A diversidade de funções gerou ainda outras camadas sociais, principalmente nas cidades portuárias e ligadas à mineração, dedicadas ao comércio varejista. Apesar das funções comerciais serem executadas em sua maioria por homens livres, mulheres negras forras cumpriram um importante papel nesse aspecto da vida econômica e social no período colonial brasileiro.
Geralmente a alforria era conseguida após conseguirem acumular quantias em dinheiro que garantiam a liberdade, principalmente quando realizavam a função de “escravas de ganho”, exercendo serviços oferecidos nas cidades, que eram pagos em dinheiro. A descoberta dessas situações tem mudado a ênfase da historiografia brasileira na análise do escravismo no Brasil.
Historiadores estão se dedicando a analisar as situações de trabalho dos escravos africanos que não estavam necessariamente ligadas ao trabalho realizado apenas na lavoura, indicando uma diversificação de funções por parte da força de trabalho africana.
O exercício das funções de comércio varejista por parte das mulheres africanas no Brasil vem sendo apontado também como decorrência da transposição de uma atividade que exerciam anteriormente em solo africano, principalmente na região centro-ocidental do continente, onde em várias etnias cabia às mulheres a atividade comercial varejista. Dessa forma, a prática comercial ligada à divisão social do trabalho de acordo com o sexo seria uma permanência econômica e cultural mantida pelas africanas no Brasil.
É interessante notar alguns conflitos relacionados a essas práticas comerciais. Nas áreas de mineração, as atividades das africanas escravizadas podiam gerar conflitos com proprietários de escravos, principalmente com a venda de quitutes e aguardentes nas proximidades de áreas mineradoras de Minas Gerais.
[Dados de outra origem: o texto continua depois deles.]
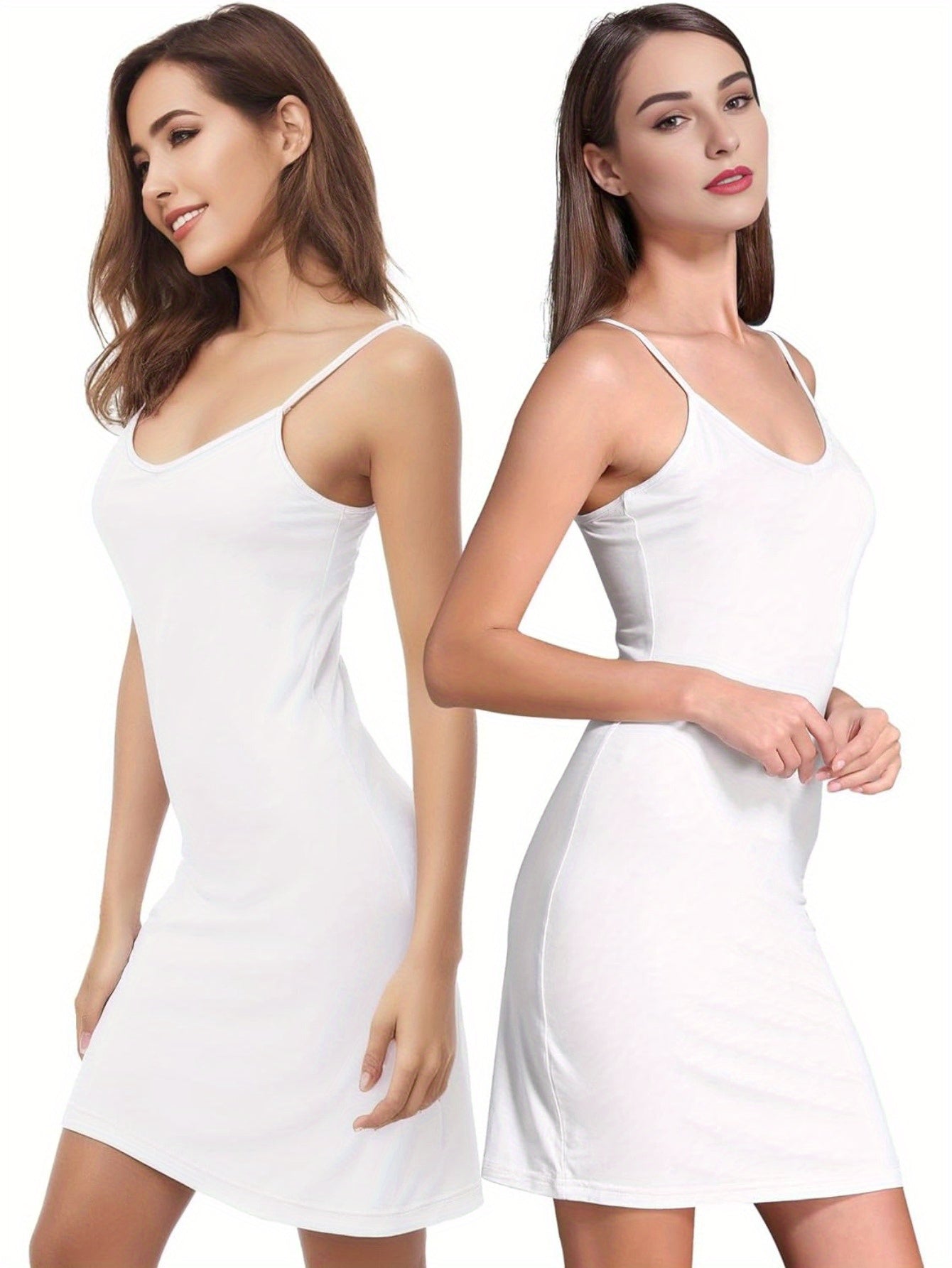 2pcs Slip Dress, Spaghetti Suspender Dress for Women, Cami Halter Neck Tank Full Slip for Under Dresses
A presença das mulheres alforriadas nas proximidades das minas alterava a ordem dos trabalhos.
Por outro lado, o comércio realizado pelas negras era apontado como fonte de desvio de parte do ouro que seria enviado aos proprietários como resultado do trabalho dos escravos. Os proprietários denunciavam ainda que a ação levaria à diminuição do montante de ouro destinado à cobrança de impostos, pois a venda dos quitutes e aguardente tirava o ouro do ciclo pretendido pela coroa, fugindo ao controle estatal e diminuindo o valor que deveria ser tributado.
Essa prática gerou ainda outras consequências sociais. O dinheiro acumulado nesse serviço comercial proporcionava a compra de escravas e escravos por parte das mulheres alforriadas. Ele era também empregado em atividades comerciais, inserindo-se em um circuito econômico que a historiografia vem trabalhando nos últimos tempos, que é a formação do mercado interno colonial e suas consequências para a formação da sociedade brasileira.
Assim, elas transformavam-se em sinhás negras, em proprietárias de escravas, como é possível perceber pelos inventários de heranças deixadas por essas mulheres, que estão documentados em arquivos da época, indicando também o tipo de fonte utilizada para conhecer esse aspecto da vida colonial brasileira.
Apesar de acumularem algum dinheiro e de explorarem a força de trabalho de outras pessoas, dificilmente tal situação alterava a condição social dessas mulheres perante os estratos superiores da população colonial. Elas continuavam a carregar o estigma de origem, de que eram africanas escravizadas, sofrendo toda a sorte de preconceitos decorrentes dessa situação.